Así ocurrió, por ejemplo, con los términos políticos democracia y libertad, de un empleo tan inapropiado que nadie sabía lo que se quería expresar con ellos.
Regímenes políticos que no pensaban ni por asomo en la democracia, se incautaron de la palabra, e incluso con ella se bautizaban Estados, en los cuales sólo imperaba el autoritarismo, la autocracia, y donde la dictadura no admitía la menor fiscalización ni traba alguna.
En los juegos malabares con el vocabulario, se destacaba la palabra terrorismo, de vieja solera, es cierto, pues nos llegó del frío hace más de un siglo. En su propia acepción significaba: cometer una sucesión de actos de violencia tendentes a provocar el terror, lo cual quedaba claro, pero ya lo era menos la exclusividad de su uso.
Estados intrínsecamente terroristas, la aplicaban generosamente a todos aquellos que pretendían librarse de la violencia permanente a la cual eran sometidos a través de variadas y abundantes instituciones estatales. El terror era ejercido mediante una legislación en la cual proliferaban leyes o decretos de apariencia anodina, que en su aplicación se revelaban armas de coacción terribles, que ataban y amordazaban a todo bicho viviente y el hombre quedaba convertido en galeote del poder instaurado, con frecuencia detentado.

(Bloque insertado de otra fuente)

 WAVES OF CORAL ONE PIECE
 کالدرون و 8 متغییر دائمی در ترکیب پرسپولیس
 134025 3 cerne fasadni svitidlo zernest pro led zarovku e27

He aquí otra palabrita, poder, que poco a poco cayó en desuso, en favor de otra más ambigua todavía: orden. Ya nadie defendía o atacaba al poder, la lucha social o política quedaba circunscrita a los mantenedores y a los alteradores del orden.
Es cierto que, al mismo tiempo, los hombres disponían de derechos, por lo menos teóricos, pues estaban constitucionalmente proclamados los de opinión, expresión, reunión, organización, etc., derechos que, bien entendidos y bien respetados, podían servir para ir estableciendo regímenes de convivencia humana, donde la justicia fuera justicia y donde nadie pudiera vivir alegremente del vampirismo, chupando la sangre a sus semejantes.

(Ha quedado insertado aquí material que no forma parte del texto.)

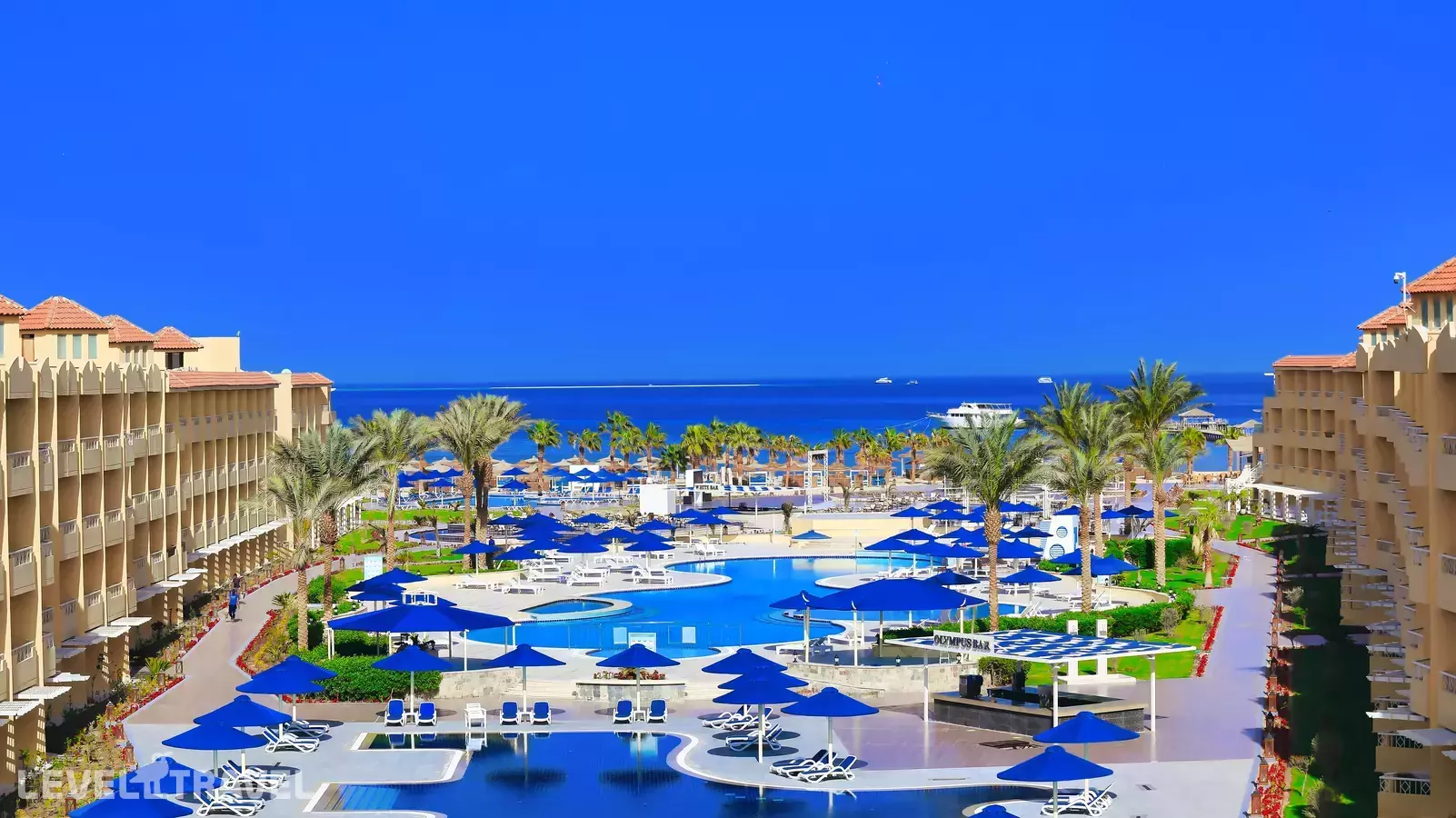 Amwaj Beach Club Abu Soma (Ex. Amwaj Blue Beach Resort & Spa – Abu Soma)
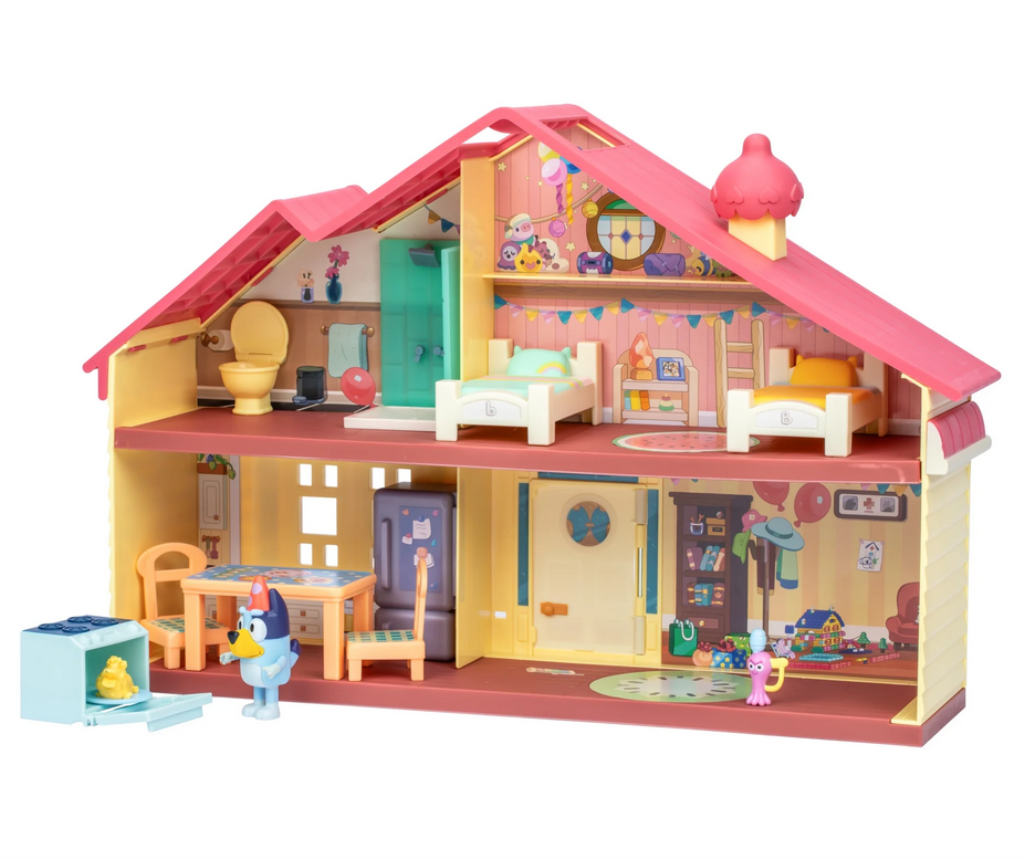 BLUEY S11 BLUEYS ROĐENDANSKI SET M.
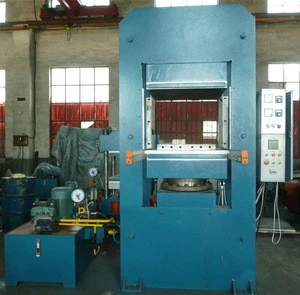 Tyre Tread Rubber Curing Machine For Retreading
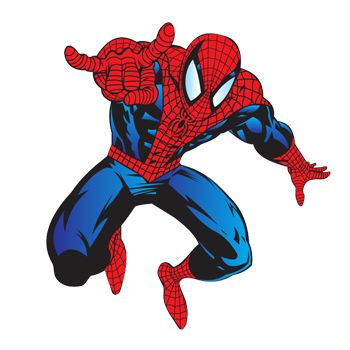 Spider-Man PNG    图片编号:28910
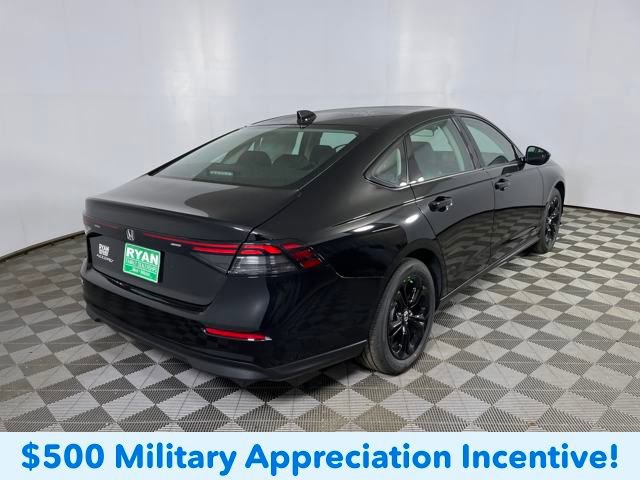 New 2025 Honda Accord SE image 6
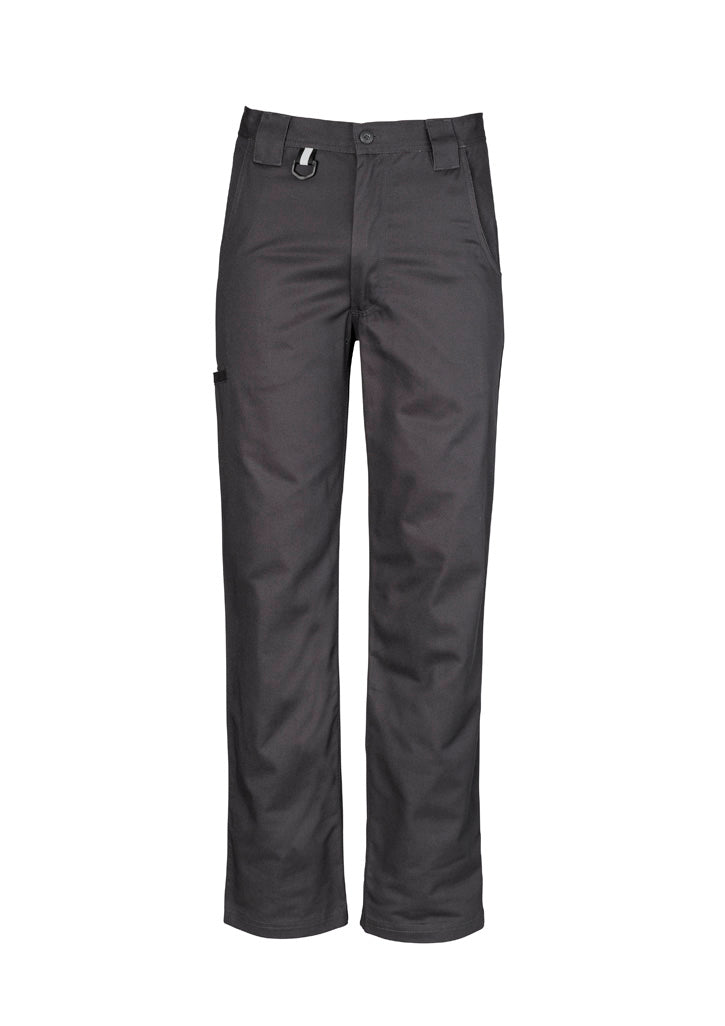 Mens Plain Utility Pant - Simply Merchandise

Sin embargo, estas libertades eran con excesiva frecuencia puramente especulativas, y cuando el individuo comentaba, criticaba o reprobaba actos de injusticia, o incluso de barbarie, ejercidos en nombre del orden, era inmediatamente castigado, machacado, por el poder omnipotente, omnipresente y omnisciente.

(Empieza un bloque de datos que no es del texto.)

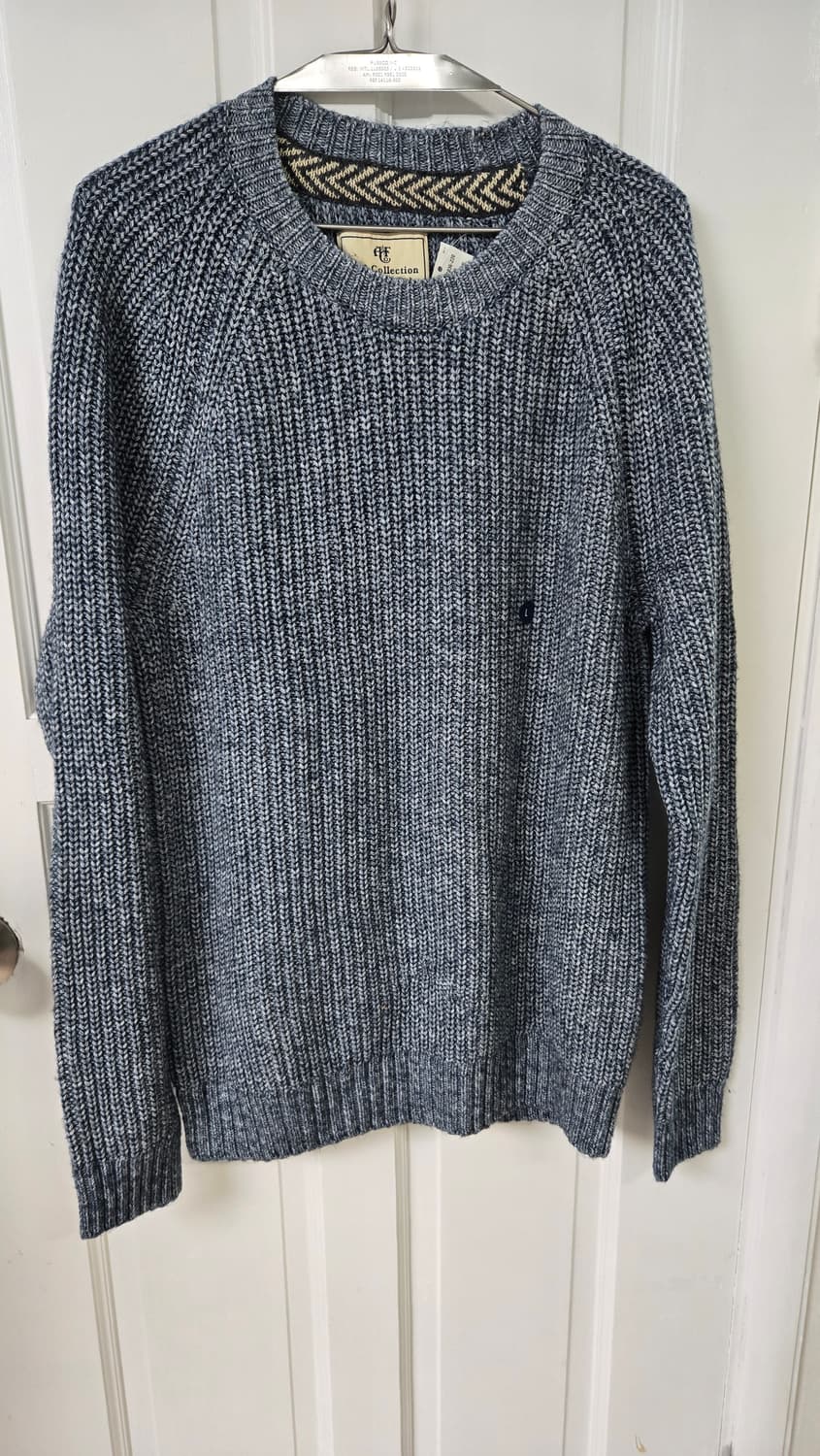 아베크롬비 남성니트 XL새상품 상품이미지1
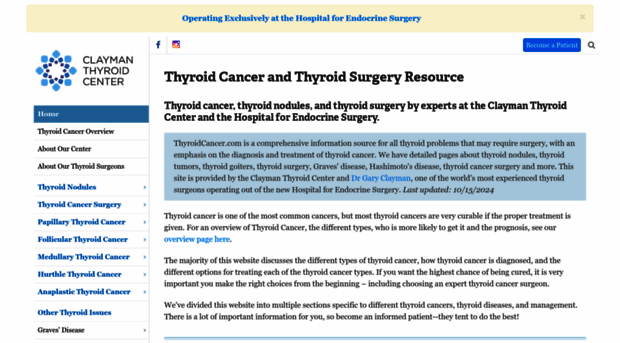 thyroidcancer.com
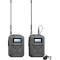 Микрофонная система BOYA BY-WM6S Camera-Mount Wireless Omni Lavalier Microphone System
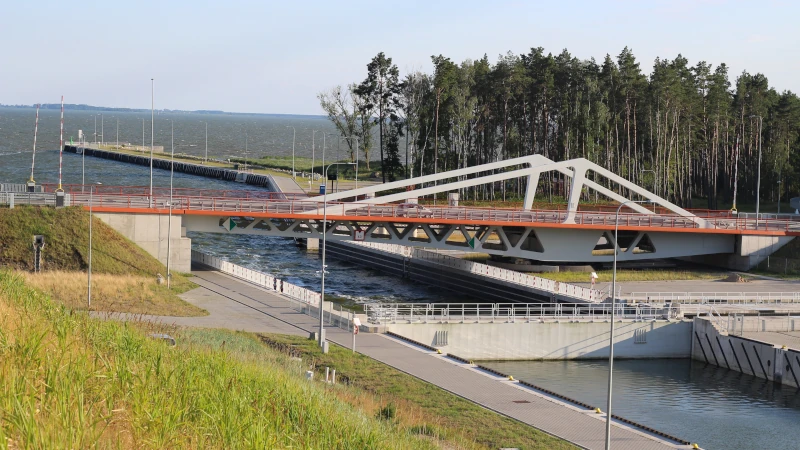 Water construction in Poland – Spectis report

Eran tiempos morrocotudos. Cuando, por ejemplo, un juez, en el ejercicio de sus funciones, aplicaba una pena abusiva a un delito, o se mostraba magnánimo ante un delito grave, pero cometido por una persona sedicente defensora del orden, cualquier voz de censura contra su actuación podía tener consecuencias insospechadas, pues el impugnador podía convertirse automáticamente en impugnado y sufrir represalias; el orden lo tenía todo previsto.
Por ejemplo, entre las leyes anodinas, tan anodinas que nadie combatía, figuraba en bastantes países, por no decir todos, un delito definido como ultraje a la magistratura. Como que el ultraje era una palabra que no tenía límites muy bien determinados, que no tenía siempre el mismo sentido, que todo dependía de quien era el ultrajador o el ultrajado, distinción aberrante si se considera que todos somos iguales ante la ley, una manifestación de indignación, incluso oral, por justificada que estuviera, podía ser transformada en ultraje ¡qué duda cabe! por el impugnado, y éste podía desencadenar rayos justicieros contra el pobre infeliz que confiaba en sus derechos proclamados, de expresión y crítica, en los países respetuosos de los derechos humanos.
Lo de ultraje a la magistratura es sólo una mínima fracción del ejemplo, pues se ampliaba al jefe del Estado, a las fuerzas armadas, a los funcionarios defensores del orden público, incluso a ciertos textiles, como las banderas, también a ciertas divinidades y jerarquías eclesiásticas, etc. Así vemos, pues, como una simple frasecita incluida en un Código penal podía eliminar, de hecho, derechos constitucionales, y convertir la libertad en delito inexcusable e imperdonable.
No es menos cierto que las instituciones del Estado tenían, en sus respectivos países un desprestigio bien ganado y reconocido por sus irregularidades. No abundaremos en ejemplos, pero citaremos uno referente a la magistratura. En un sondeo de opinión publicado en Francia en diciembre de 1974 sobre la imparcialidad de los jueces, el 42% de las personas interrogadas consideraron que al dictar sentencia los jueces favorecían a los ricos. En el mismo sondeo, el 46% opinaba que los jueces tenían en cuenta los deseos del gobierno. Este porcentaje de opinión desfavorable, aunque minoritario, no era nada desdeñable.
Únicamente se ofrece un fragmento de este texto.